The Wrens were an American doo-wop vocal group from The Bronx, New York City. They are best known for their song "Come Back My Love".

The Wrens began in the Morrisania section of the Bronx in 1950. Neighborhood friends Waldo Champen (tenor, usually referred to as "Champ Rollow"), Francis "Frenchie" Concepcion (tenor/baritone lead), Archangel "Archie" Oropeza (baritone), and Raoul McLeod (bass) sang together under this name for around two years. They slowly drifted apart. 

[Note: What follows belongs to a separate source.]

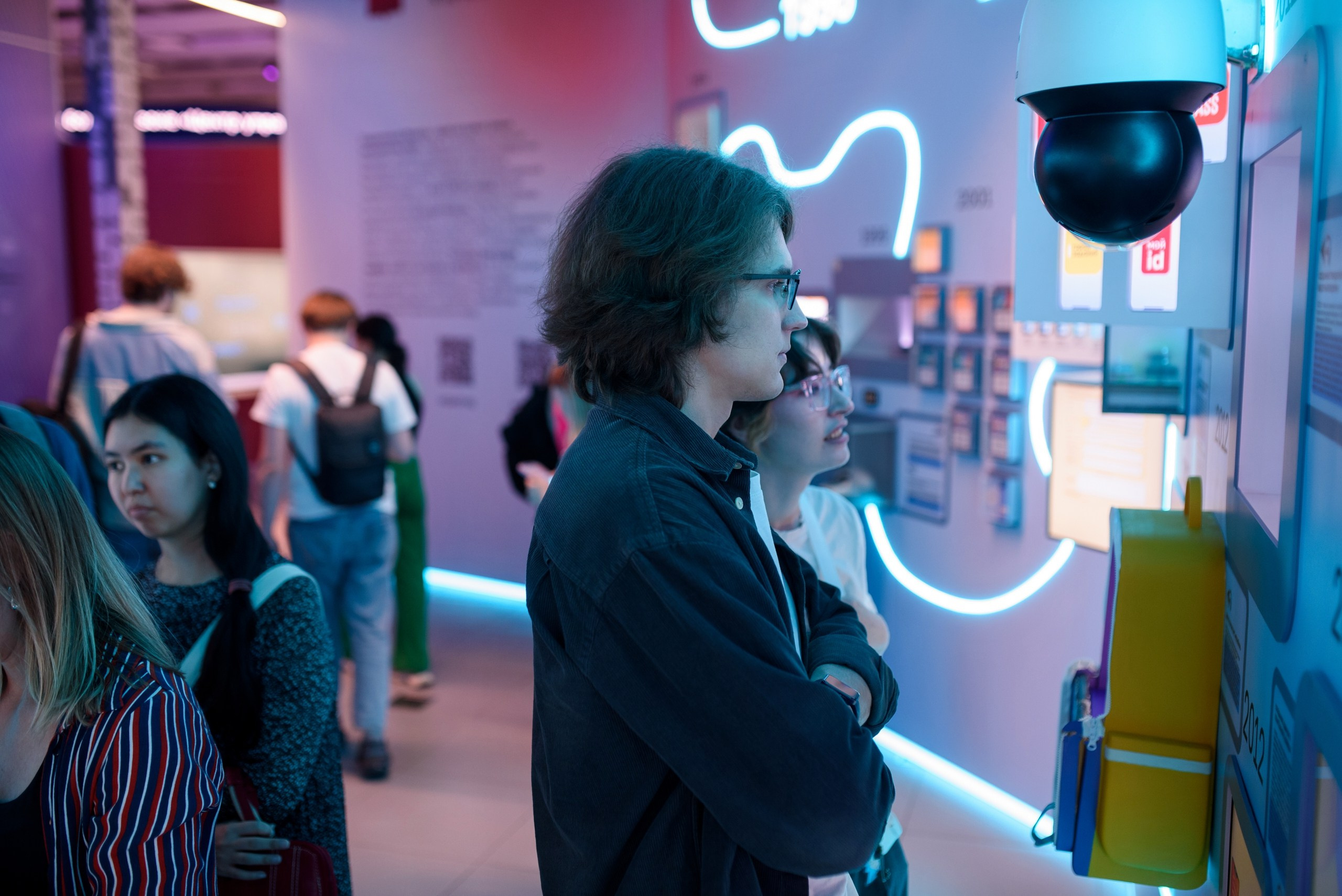 Стажировка Правительства Москвы / «ДИТворкинг». Фотограф и Видеограф в Москве. Олег Корушев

Concepcion was determined to make the group last, and in 1952, he recruited two new members; tenor George Magnezid and bass James "Archie" Archer. They sang as a trio in the community center of P.S. 99 for a couple of months before deciding to expand to a quartet by adding tenor Bobby Mansfield. At the time, Mansfield was about fifteen years old and attending Morris High School in the Bronx. Oropeza was around the same age and Concepcion and Magnezid were already out of school.

In 1954, they heard about a contest that was being held by an arranger/pianist named Freddy Johnson at the old CBS building. The Wrens entered and won, and Johnson became their manager.

Rama Records owner George Goldner arranged a session for the Wrens that took place on November 21, 1954. They recorded four songs that day: “Love’s Something That’s Made For Two” (led by Mansfield), “Beggin’ For Love” (fronted by Concepcion), “Come Back My Love”, and “Eleven Roses” (both by Mansfield). The piano player was Johnson, who provided the other session musicians. However, he and the Wrens parted company soon after the session, and from then on, Goldner used the Jimmy Wright Orchestra to back them. James "Archie" Archer left in 1955 and was replaced by Joseph "Rocky" Washington, who later recorded in another doo-wop group, The Performers. Further recordings, including six single releases on Rama, were unsuccessful and Mansfield left in 1956 to pursue a solo career.

In 1998, The Wrens were inducted into the United In Group Harmony Association's Hall of Fame.

James "Archie" Archer died On June 22nd, 1999.

George Magnezid died on December 9th, 2003, In Westchester County, New York, Aged 69.

Bobby Mansfield died on September 15, 2013, in The Bronx, New York, aged 76.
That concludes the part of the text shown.